TOWN OF RICHMOND -- It seemed oddly appropriate that the Town Hall be so sparsely populated in adherence to COVID protocols for the public hearing in the Town of Richmond.
The few participants who called in thanked board members for their valiant, if in the end futile, efforts over the last year-and-a-half to stop Wisconsin Central Limited, a subsidiary of Canadian National Railroad, from building a massive autoport and intermodal shipping facility.
The real estate, once of prime value to the town and sitting at the gateway to the growing city of New Richmond, will instead become an industrial hub of railway activity distributing thousands of automobiles into the Twin Cities annually and brokering thousands more shipping containers filled with agricultural products between ports from coast to coast.
The sense of resignation was palpable as supervisors voted unanimously Nov. 17 to adopt Resolution-2020-04 to discontinue a portion of 105th Street, the final action required of the town as spelled out in a settlement agreement with WCL/CN.
“The settlement agreement states WCL will pay the town $175,000. WCL will reconstruct 105th Street from 170 Avenue north past New Richmond Auto Salvage where there will be a cul-de-sac. They will reconstruct the road early spring. They also agreed to berm the facility, plant trees on the berm and lower the lights from 100 feet to 80 feet. Only emergency vehicles will be able to use their road to serve the residents in that area,” Town Chairman Gary Knutson explained.
The odyssey to stop the railroad began with a phone call between Knutson and CN officials in May 2019. Over the course of the next 18 months, the town would join forces with New Richmond and St. Croix County in and out of court to attempt to stop CN/WCL from building the massive asphalt complex. In the end, the town would accrue more than $156,000 in legal fees taking the battle all the way to the Wisconsin Office of the Commissioner of Railroads where the arcane legal standing of railroads would trump all of the zoning, economic and common sense appeals brought by the community coalition.
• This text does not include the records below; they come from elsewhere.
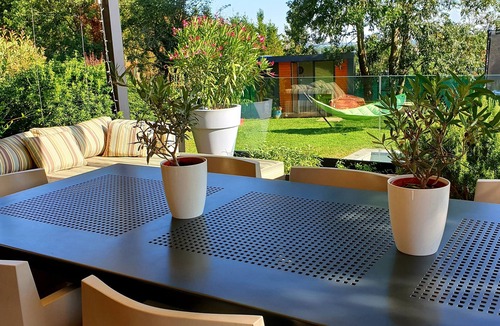 Grezieu-la-Varenne House | Modern house with swimming pool and children's play area, very close to the center of Lyon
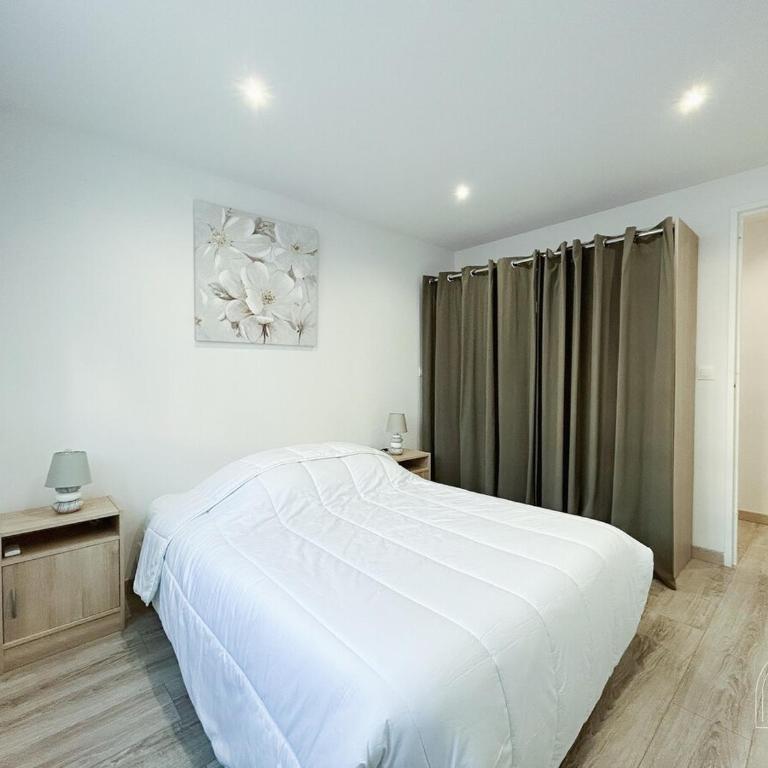 Charmant T3 en rez-de-jardin à Six-Fours - Two-Bedroom Apartment - 15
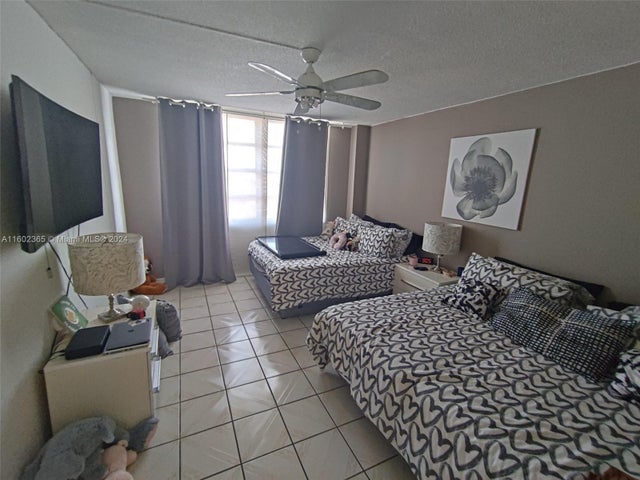 2 of 14 - 2780 Ne 183rd St 1903, Aventura, FL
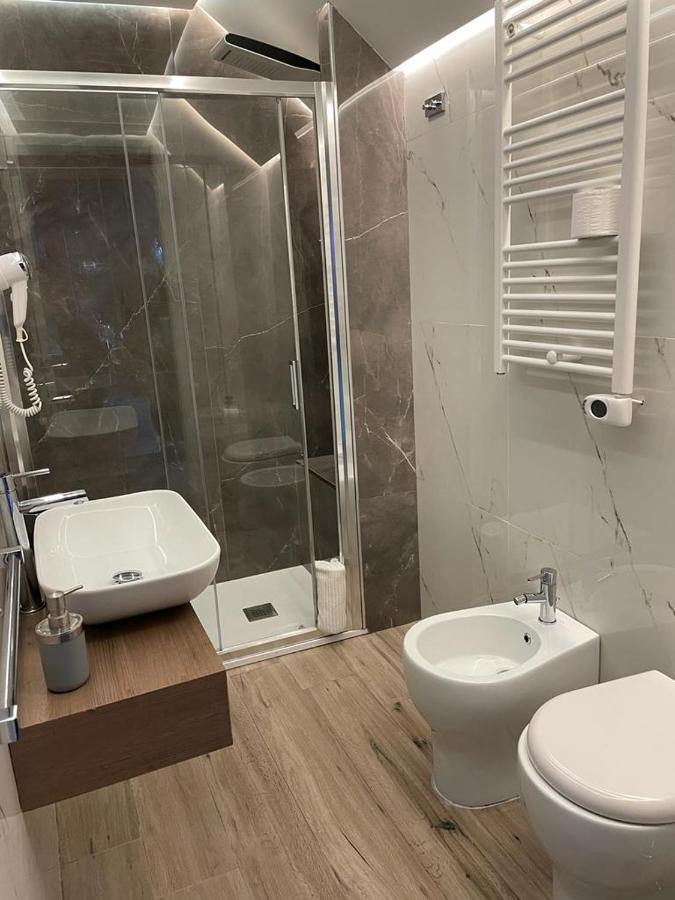 Th Luxury Suite Giardini Naxos Bagian luar foto
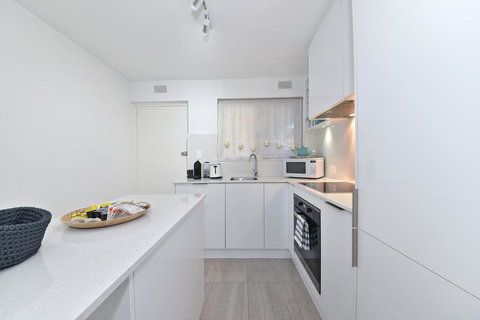 Cottesloe Apartment Close To Beach - ACT Tourism 3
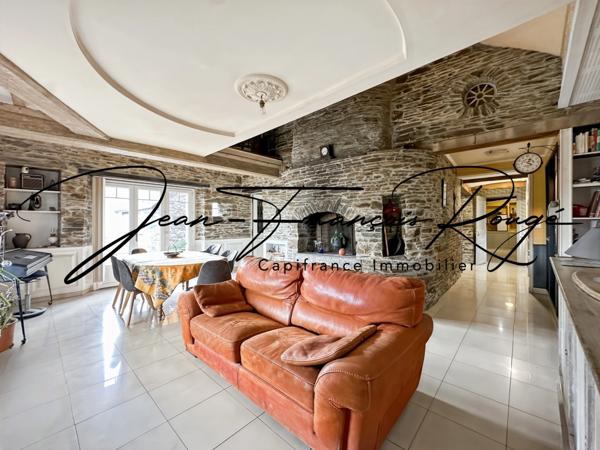 A 5 kilomètres du centre de Saint-Lô, maison de 2004 avec vie de plain-pied et cinq chambres !!!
Exhausted and beyond frustrated, the town’s only solace might be found in the lessons it can impart to the next community to come up against a railroad project in its backyard.
Chris Hungerbuhler, project engineer for CN, informed Knutson the intermodal operation of the facility will begin in March 2021. He also said CN has an agreement in place with General Motors for the autoport and that operation is expected to start up next spring.